[Opening Given data section]

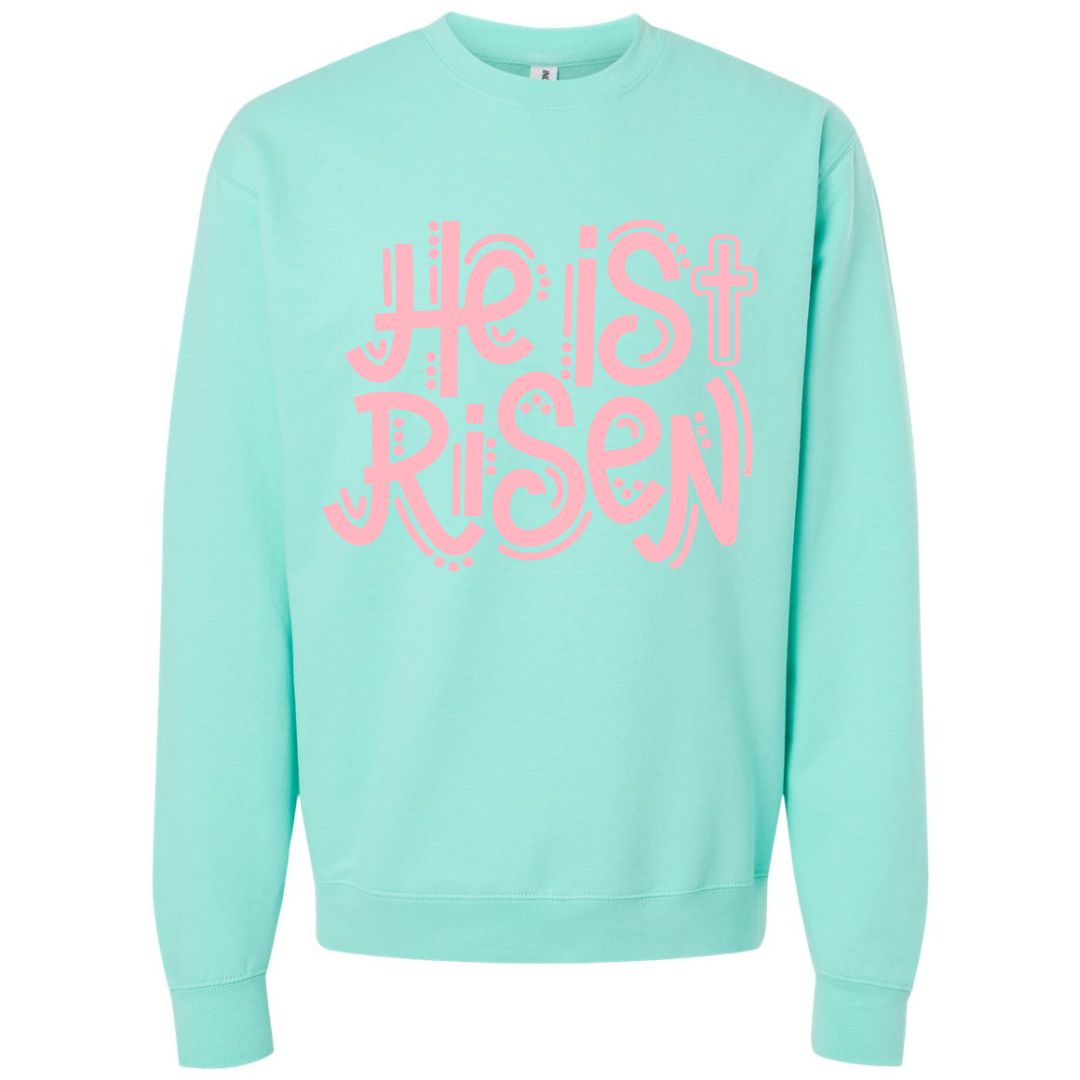 He Is Risen Sweatshirt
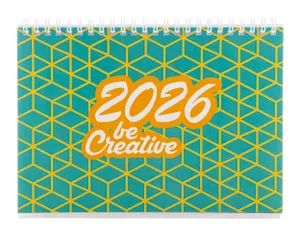 Calendrier de bureau personnalisé - CreaDate Desk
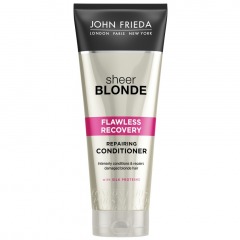 JOHN FRIEDA Кондиционер для окрашенных волос восстанавливающий SHEER BLONDE Flawless Recovery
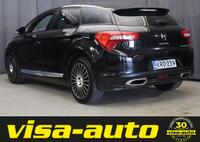 Citroën DS5 vaihtoauto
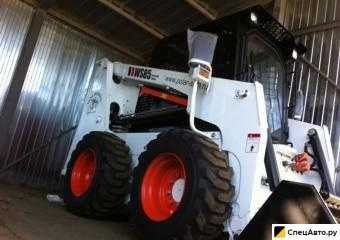 Мини-погрузчик Forway WS85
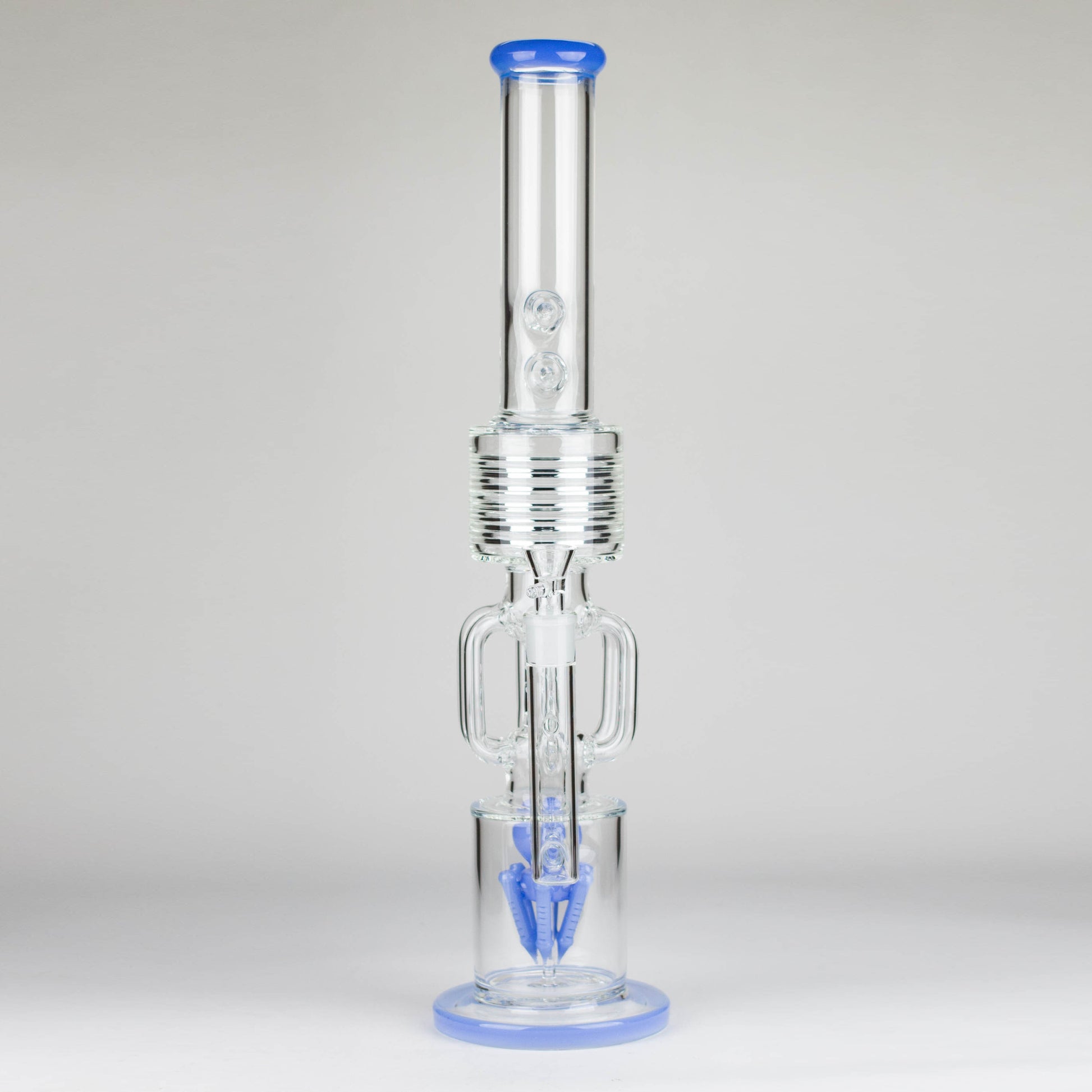 20" Glass recycle water bong [C1579]_13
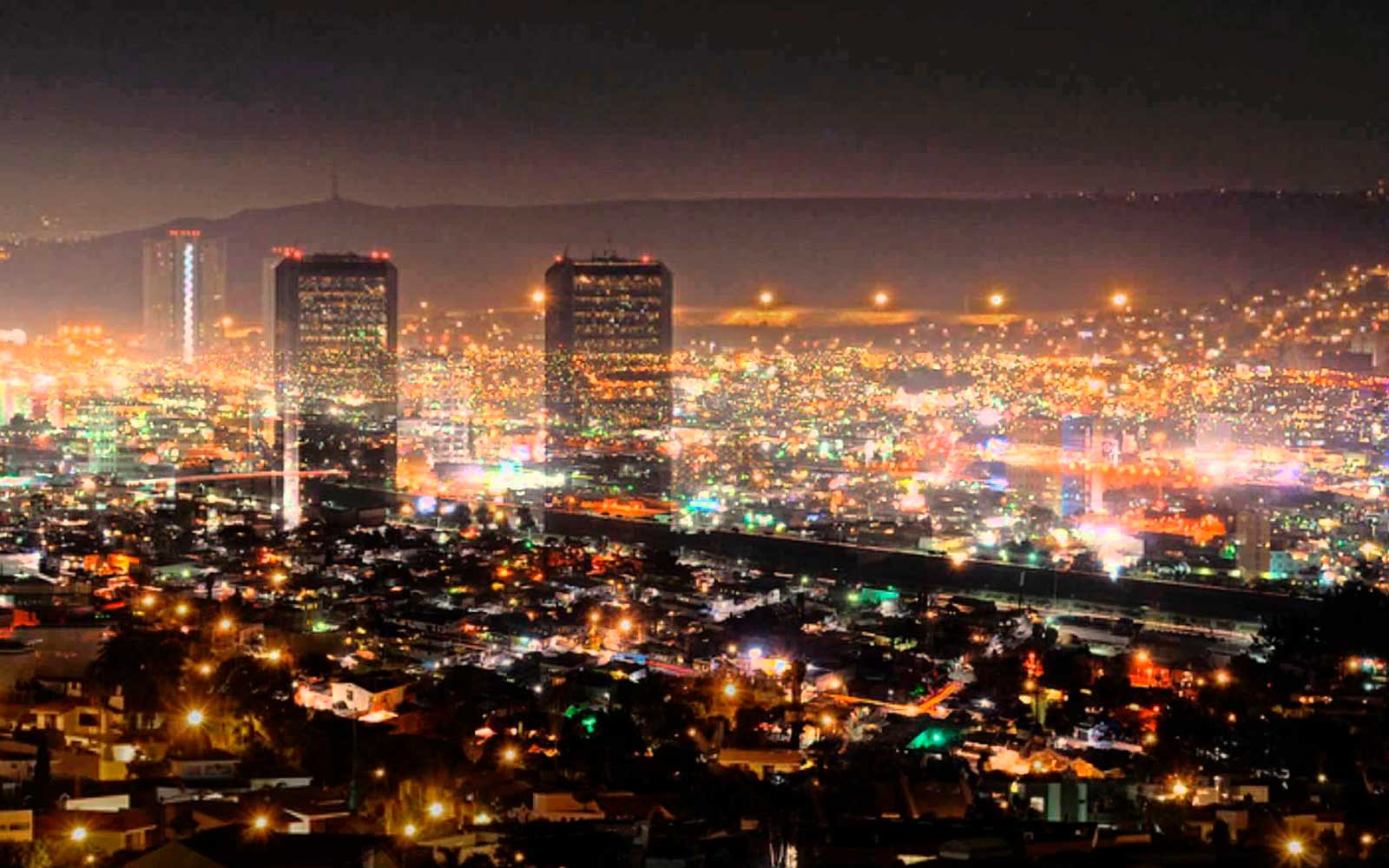 Tijuana Transporte Privado Centro Hoteles Cruces Fronterizos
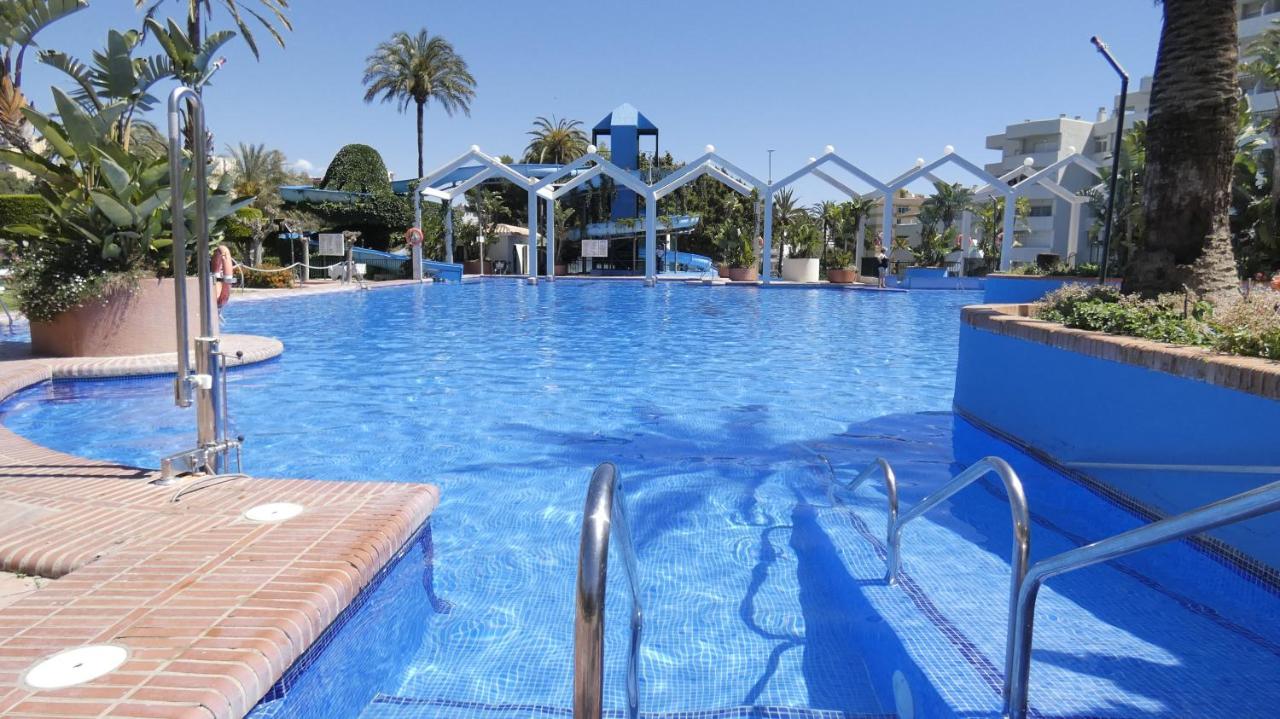 Benalbeach Sea View 24H Entry Benalmadena Bagian luar foto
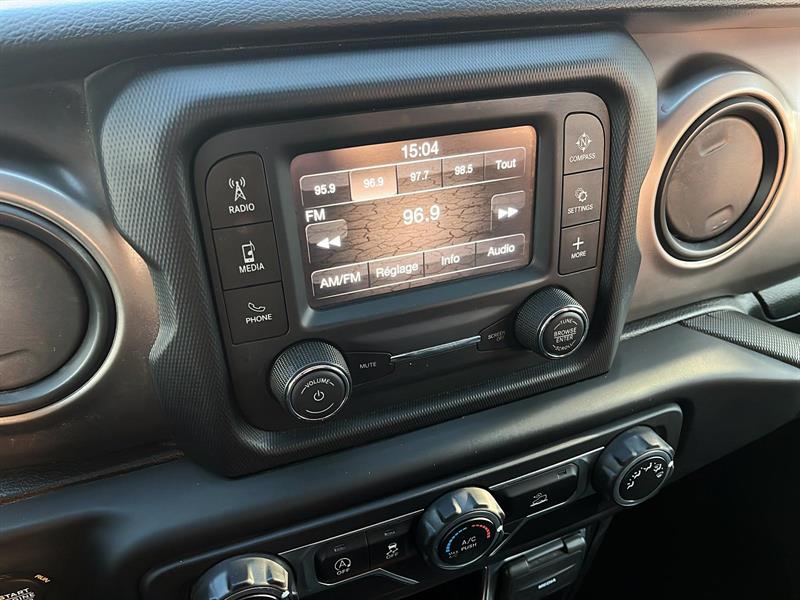 jeep Wrangler 2021 - 22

[Closing Given data section]

Task details » Please copy exactly the lines from the one containing "Tijuana Transporte Privado" through the last line of the records, both ends included, and leave out any pictures.

Answer for this exercise »
 Tijuana Transporte Privado Centro Hoteles Cruces Fronterizos
 Benalbeach Sea View 24H Entry Benalmadena Bagian luar foto
 jeep Wrangler 2021 - 22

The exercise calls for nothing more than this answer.